Журнал «Знание – сила» напечатал в последние годы немало статей, посвященных истории XVII века. И в каждой из них, по существу, звучало: «Этот удивительный XVII век – подумать только, что…» Удивление естественно. Но также естественно и новое восприятие прочитанных документов. Их сопоставление и сравнительный анализ дают многое. Через экономику и статистику, через культуру и быт, встающие из документов, не открывается ли нам через них дорога к проникновению и во внутренний мир человека тех лет?
А может, начинать с «либереи»?
Личная библиотека Ивана Грозного, о которой писали современники-иностранцы. Якобы большая. Якобы по различным отраслям знания. Якобы из печатных книг и рукописей. «Якобы», – потому что никаких свидетельств ее существования до сих пор не удалось найти.
«Либерею» видели в кремле Александровой слободы, где волей Грозного семнадцать лет находилась фактическая столица русского государства.

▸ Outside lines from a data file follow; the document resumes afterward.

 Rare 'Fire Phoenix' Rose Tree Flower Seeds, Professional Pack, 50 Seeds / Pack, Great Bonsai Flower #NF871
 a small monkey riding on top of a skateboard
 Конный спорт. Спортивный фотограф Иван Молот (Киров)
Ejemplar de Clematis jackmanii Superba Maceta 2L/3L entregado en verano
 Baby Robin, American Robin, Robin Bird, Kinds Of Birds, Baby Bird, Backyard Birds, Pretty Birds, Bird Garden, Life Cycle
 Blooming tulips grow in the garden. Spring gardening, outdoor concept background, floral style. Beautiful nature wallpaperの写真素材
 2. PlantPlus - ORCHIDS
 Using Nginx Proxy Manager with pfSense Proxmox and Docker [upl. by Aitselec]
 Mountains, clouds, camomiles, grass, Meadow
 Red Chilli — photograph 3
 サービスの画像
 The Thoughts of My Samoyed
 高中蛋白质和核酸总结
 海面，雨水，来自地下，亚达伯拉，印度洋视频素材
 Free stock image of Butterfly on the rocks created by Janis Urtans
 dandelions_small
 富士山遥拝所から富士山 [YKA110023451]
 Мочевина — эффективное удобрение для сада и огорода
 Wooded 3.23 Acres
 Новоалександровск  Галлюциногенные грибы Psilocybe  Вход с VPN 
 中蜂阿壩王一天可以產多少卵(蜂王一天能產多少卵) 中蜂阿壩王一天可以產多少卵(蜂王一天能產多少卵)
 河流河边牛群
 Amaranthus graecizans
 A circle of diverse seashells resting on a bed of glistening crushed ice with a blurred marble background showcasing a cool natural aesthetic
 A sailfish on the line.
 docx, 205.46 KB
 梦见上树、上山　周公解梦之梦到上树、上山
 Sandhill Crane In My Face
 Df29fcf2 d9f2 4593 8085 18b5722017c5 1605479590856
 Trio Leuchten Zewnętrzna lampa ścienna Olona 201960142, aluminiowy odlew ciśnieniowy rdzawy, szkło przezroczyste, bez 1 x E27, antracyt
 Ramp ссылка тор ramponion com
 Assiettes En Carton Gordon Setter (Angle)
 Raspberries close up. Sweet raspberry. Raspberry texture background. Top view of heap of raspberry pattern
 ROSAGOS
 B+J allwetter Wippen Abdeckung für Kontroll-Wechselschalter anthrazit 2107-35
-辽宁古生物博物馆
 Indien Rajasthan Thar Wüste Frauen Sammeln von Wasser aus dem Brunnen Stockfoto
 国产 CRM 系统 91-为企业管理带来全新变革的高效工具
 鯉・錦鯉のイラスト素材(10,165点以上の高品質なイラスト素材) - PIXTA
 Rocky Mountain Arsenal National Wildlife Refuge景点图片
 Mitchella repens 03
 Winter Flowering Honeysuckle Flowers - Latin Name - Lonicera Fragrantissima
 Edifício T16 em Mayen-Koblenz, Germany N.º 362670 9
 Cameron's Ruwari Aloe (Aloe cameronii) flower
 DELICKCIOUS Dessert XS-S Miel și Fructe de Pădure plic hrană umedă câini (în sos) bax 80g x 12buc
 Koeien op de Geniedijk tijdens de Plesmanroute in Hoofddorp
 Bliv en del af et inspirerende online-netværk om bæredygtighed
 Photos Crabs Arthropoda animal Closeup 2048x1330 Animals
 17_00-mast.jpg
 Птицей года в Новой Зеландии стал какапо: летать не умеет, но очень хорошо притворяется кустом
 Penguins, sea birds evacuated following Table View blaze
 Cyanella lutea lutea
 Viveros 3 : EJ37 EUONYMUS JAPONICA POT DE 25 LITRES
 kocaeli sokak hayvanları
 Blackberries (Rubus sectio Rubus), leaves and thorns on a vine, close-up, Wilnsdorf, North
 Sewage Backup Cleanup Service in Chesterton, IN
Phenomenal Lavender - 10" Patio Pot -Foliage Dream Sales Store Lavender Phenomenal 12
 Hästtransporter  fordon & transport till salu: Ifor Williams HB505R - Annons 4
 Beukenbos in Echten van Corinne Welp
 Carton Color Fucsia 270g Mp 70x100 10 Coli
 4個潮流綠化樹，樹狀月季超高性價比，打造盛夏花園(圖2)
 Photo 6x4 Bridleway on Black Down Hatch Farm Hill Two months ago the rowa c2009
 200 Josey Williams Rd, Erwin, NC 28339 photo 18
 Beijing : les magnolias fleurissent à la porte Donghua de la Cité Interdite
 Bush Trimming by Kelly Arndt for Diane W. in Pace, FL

И, конечно, есть достаточно оснований считать, что она погибла в страшную и необъяснимую зимнюю грозу 1582 года. Известно, что, уйдя обратно в Москву, вслед за телом им же самим убитого сына, Грозный больше не возвращался в слободу. Оставалась там богатейшая утварь, тем более могли остаться и книги. А спустя год после ухода Грозного над слободой, по свидетельству очевидцев, в сугробах и метели рождественских морозов разразилась гроза. Молния спалила большую часть дворца и попала точно в спальню царя, превратив в пепел лежавшие около постели в специальном сосуде списки осужденных ливонских пленников.
Сомневаться можно во многом. Почему были забыты во дворце списки осужденных? Почему за ними не прислали позже? Грозный ведь никогда не забывал о намеченных казнях… Но гроза действительно была, и дворец действительно пострадал. А вопрос о «либерее» – вопрос о том, какой же пищей духовной питались русские люди в канун XVII столетия, с чем приходили в новый век. Царь не мог служить типичным примером, но и не представлял исключения среди них. «Либерея» заключала в себе круг литературы, имевшей хождение, известной современникам.
В преддверии XVII века печатное дело находилось в центре жестокой борьбы. После Смутного времени оно становится насущной необходимостью. Московская печатня начинает работать 6 января 1615 года, как только удается вернуть из Нижнего Новгорода мастера Никиту Фофанова с его станом, «трудившегося» на ополчение, и собрать печатников – «разбежавшихся хитрых людей». Для печати отводится место в Кремле, а спустя пять лет «особый двор на Никольской улице.
Профессия печатников оказывается, как мы бы теперь сказали, самой перспективной в столице. Только между 1620 и 1638 годами их число в Москве возрастает в семь раз.
Правительство едва успевает отводить землю – лучшую в городе, наравне со знатным иностранцами – печатным мастерам. Типографские книги множатся в числе названий, тиражах, приходит множество технических новшеств… Но в середине века число печатников в Москве начинает сокращаться. И как! К 1660-м годам их в полтора раза меньше, чем в 1638 году, и такое положение сохраняется без малейших изменений до конца века. Процесс, зафиксированный городским переписями и остававшийся незамеченным историками.